§ Exercise directions
Only the lines from the one with "[영상-첫 시승] KG 모빌리티 토레스 하이브리드" to the end of the data, both ends included, should be output, exactly as they stand and without pictures.

(Beginning of Exercise materials)

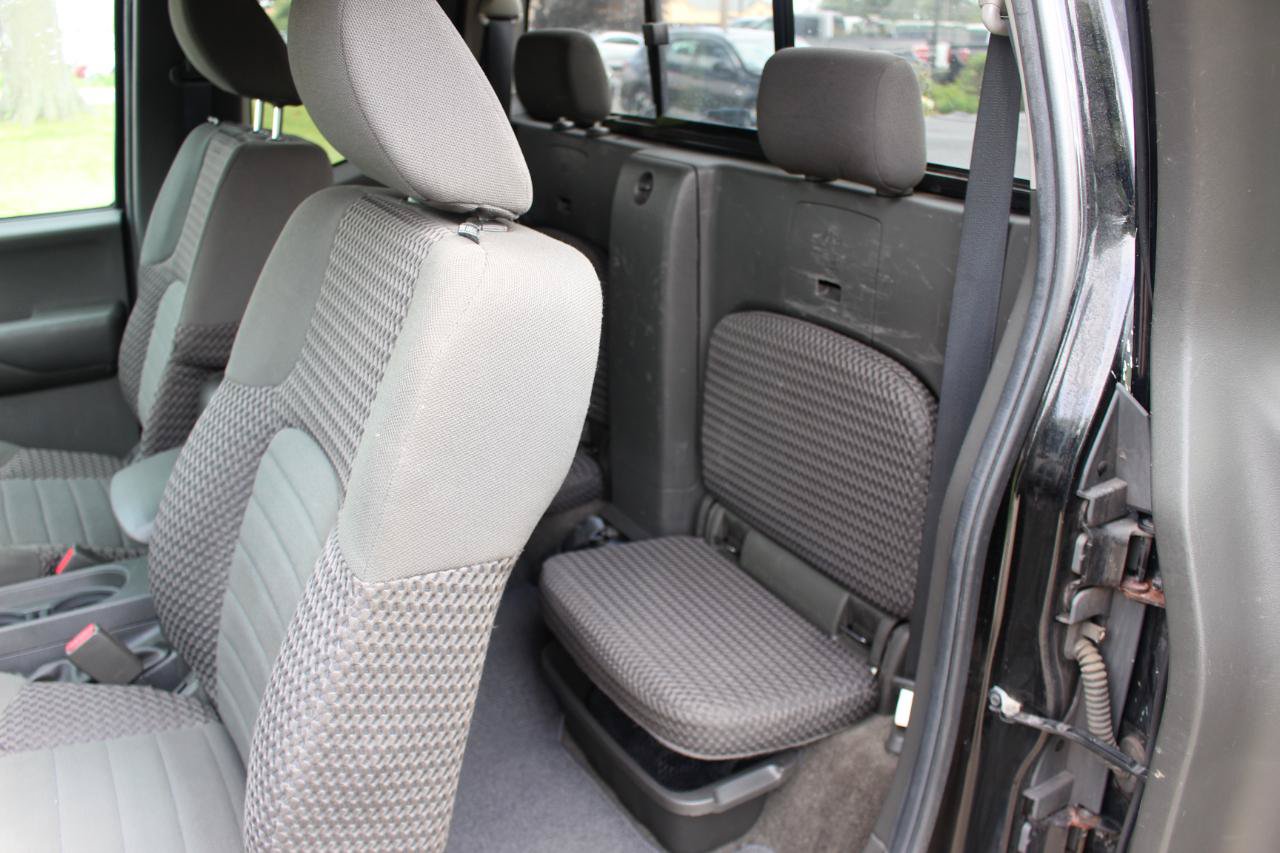 Used 2014 Nissan Frontier SV w/ SV Value Truck Package AWD/4WD image 31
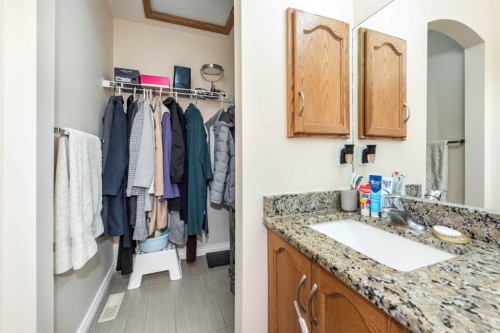 138 Panamount Crescent Nw, Calgary, AB - Indoor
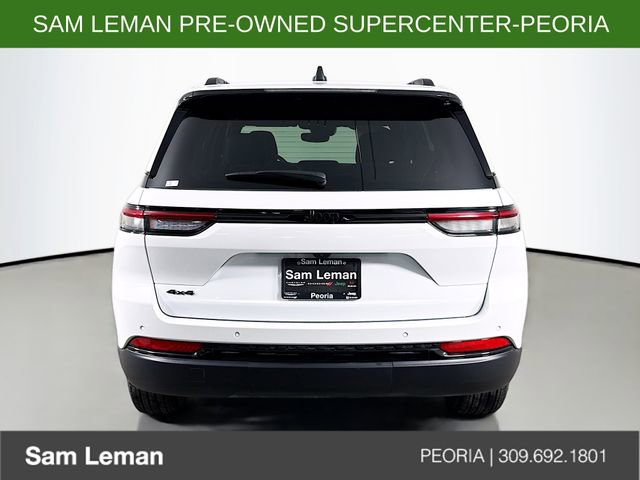 Used 2024 Jeep Grand Cherokee Altitude image 6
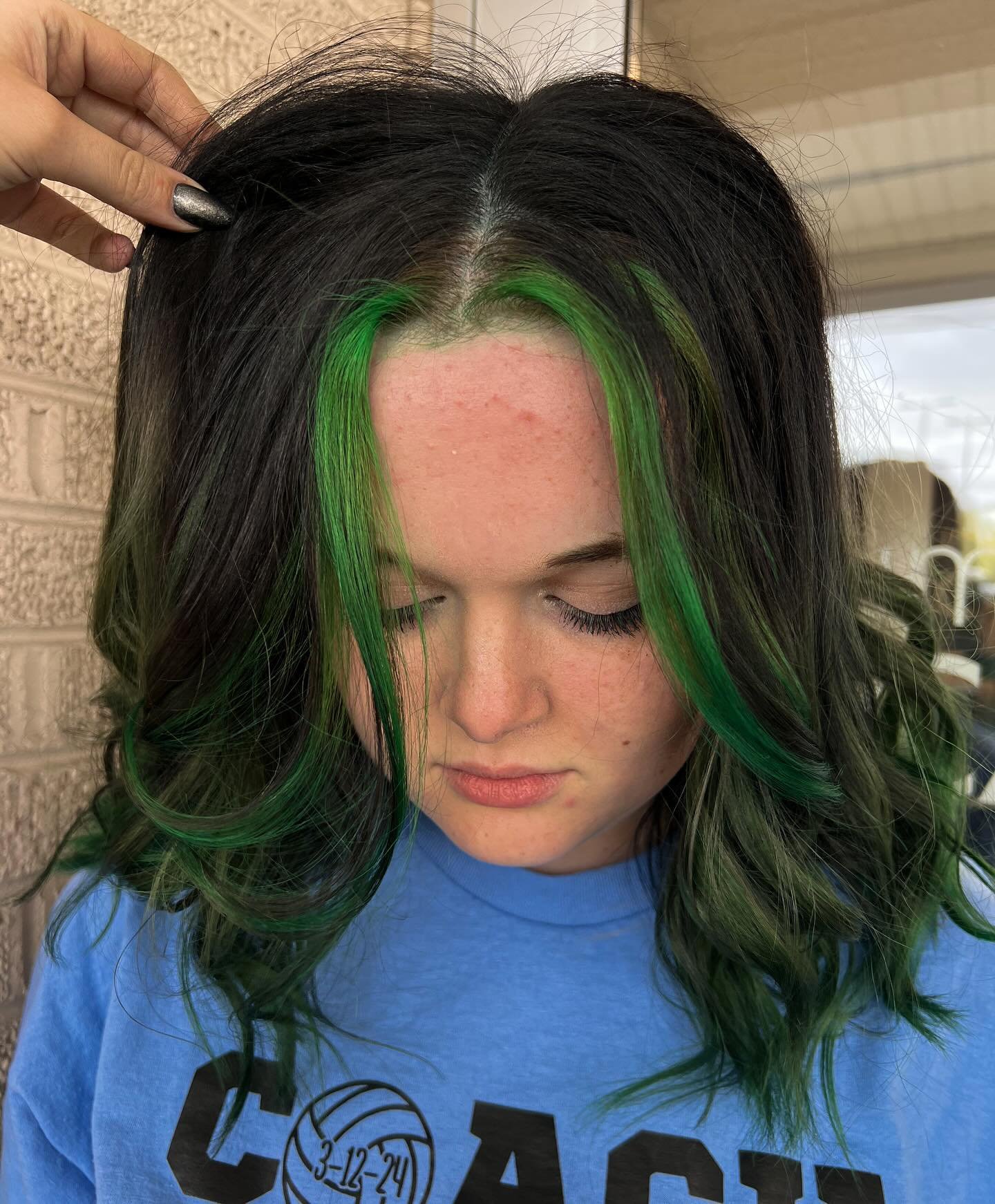 Loved how this green turned out for the sweet and amazing @abigail.townley16 ! We added a money piece this time, I think it suits her so well!
-
-
-
-
-
-
-
- 
#cosmetology #cosstudent #ohio #altstylist #hairstylist #greenhair #pulpriot #redken #alte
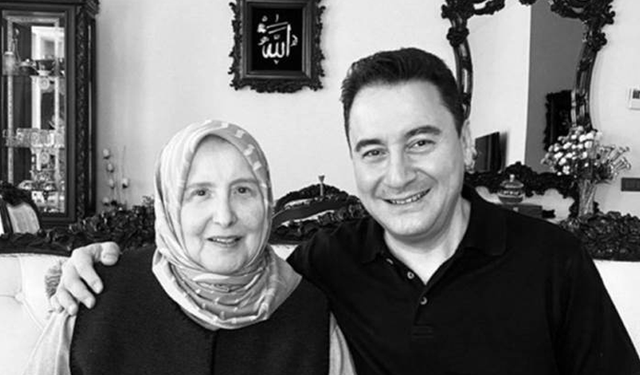 DEVA Partisi lideri Ali Babacan'ın annesi hayatını kaybetti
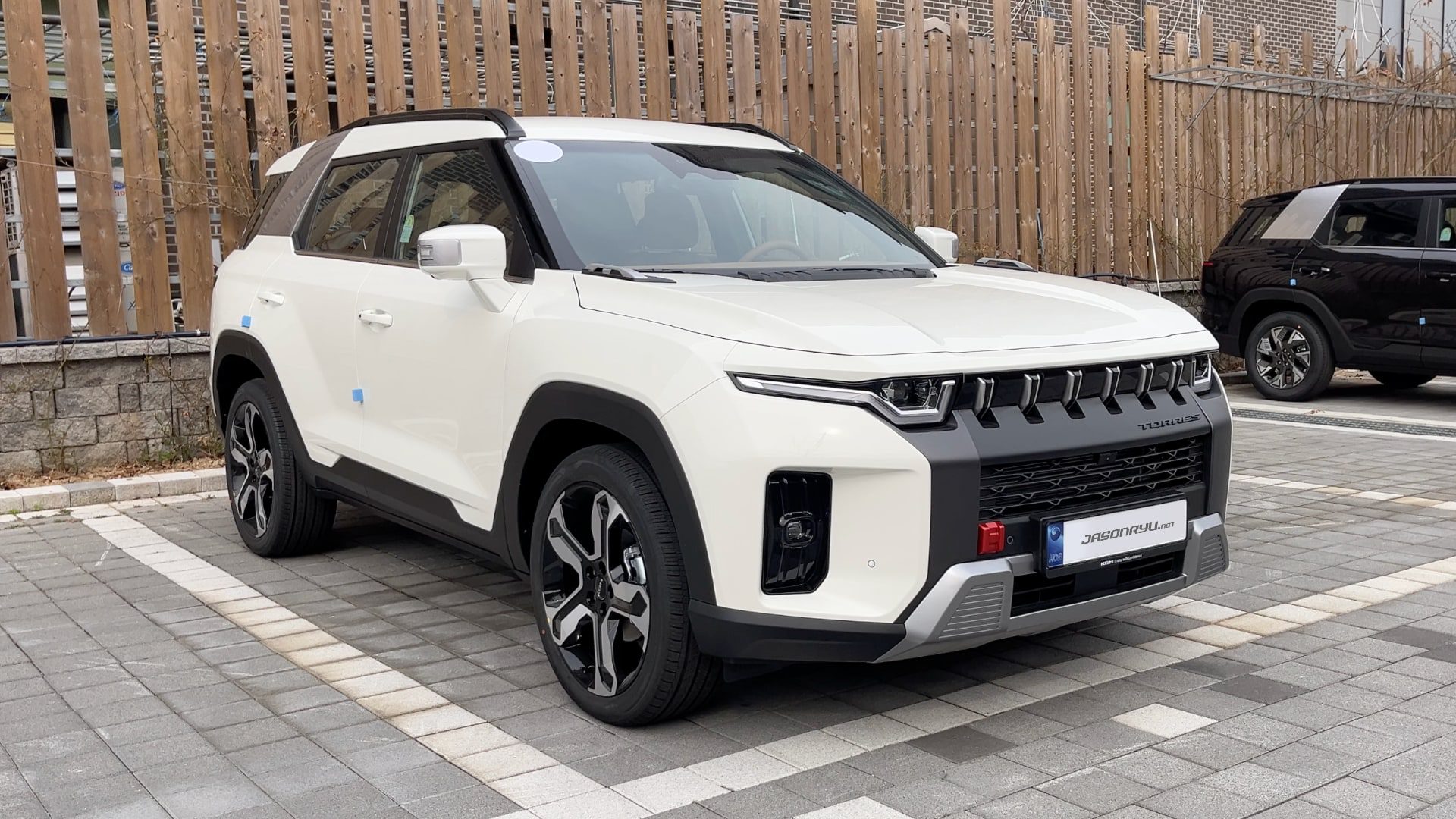 [영상-첫 시승] KG 모빌리티 토레스 하이브리드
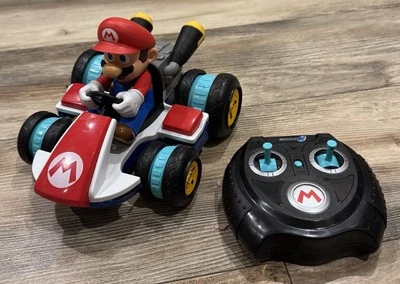 Nintendo Super Mario Kart 8 World of Anti-Gravity RC Racer Car w/Remote - VIDEO! - Image 1 of 4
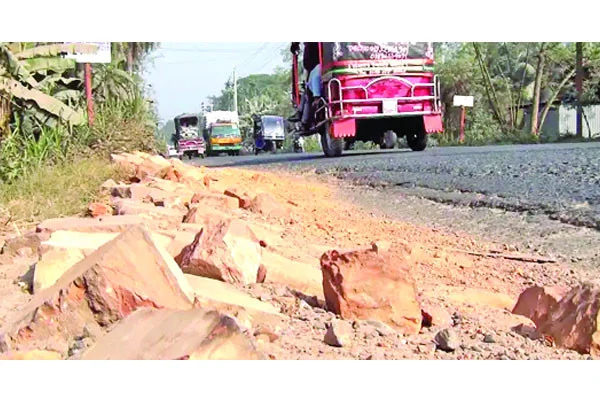 বরিশাল-ঢাকা মহাসড়ক ৩২ কিমি মৃত্যুফাঁদ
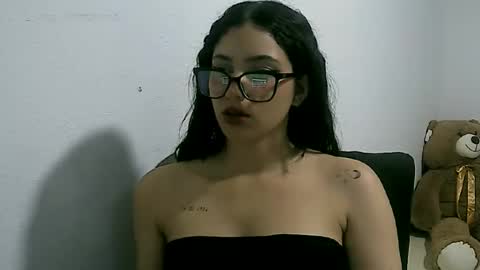 lunaa_sub online show from 9, 2, 2025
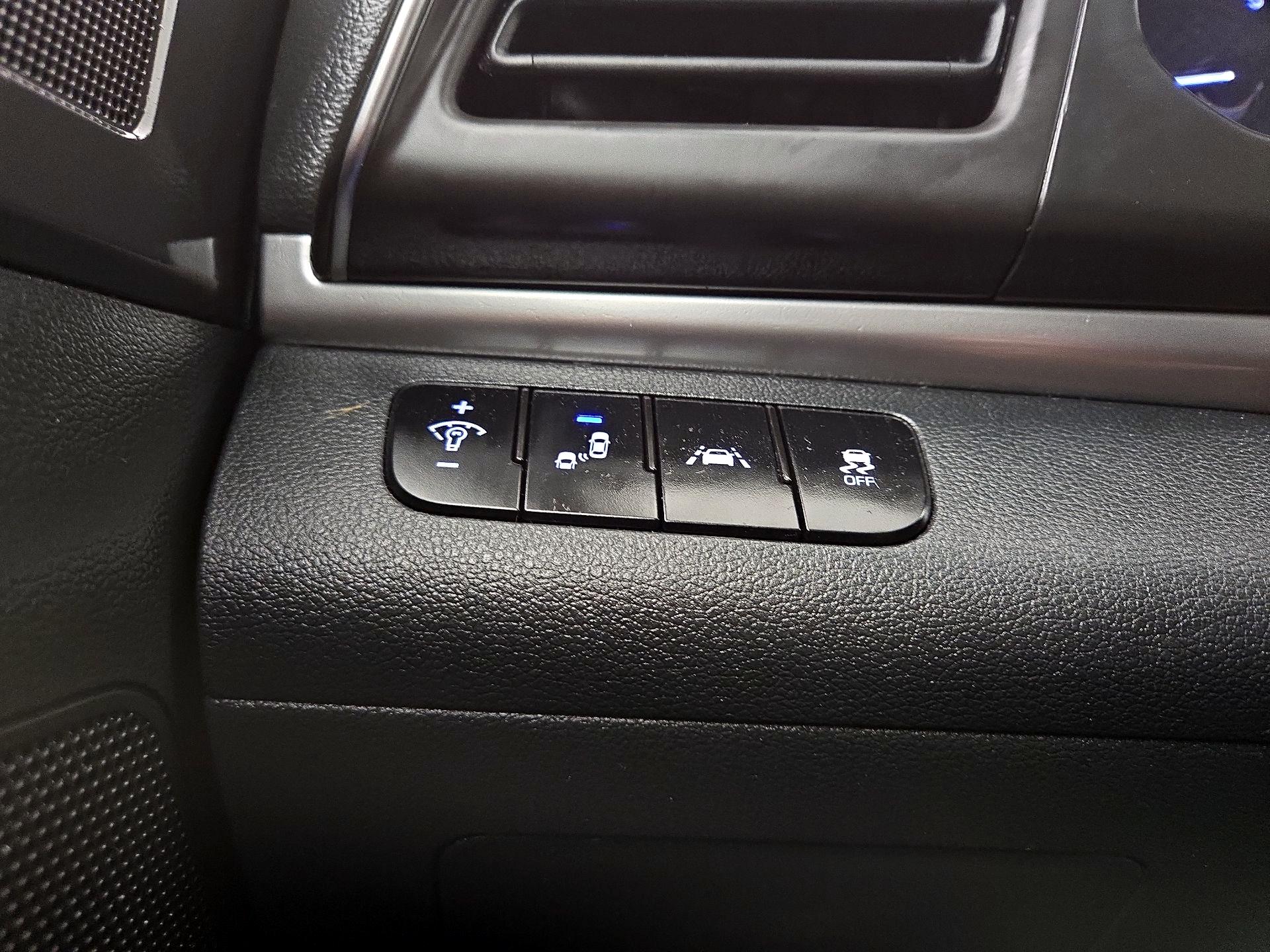 Thumbnail: 2019 Hyundai Elantra - 13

(End of Exercise materials)

§ Answer for this exercise
 [영상-첫 시승] KG 모빌리티 토레스 하이브리드
 Nintendo Super Mario Kart 8 World of Anti-Gravity RC Racer Car w/Remote - VIDEO! - Image 1 of 4
 বরিশাল-ঢাকা মহাসড়ক ৩২ কিমি মৃত্যুফাঁদ
 lunaa_sub online show from 9, 2, 2025
 Thumbnail: 2019 Hyundai Elantra - 13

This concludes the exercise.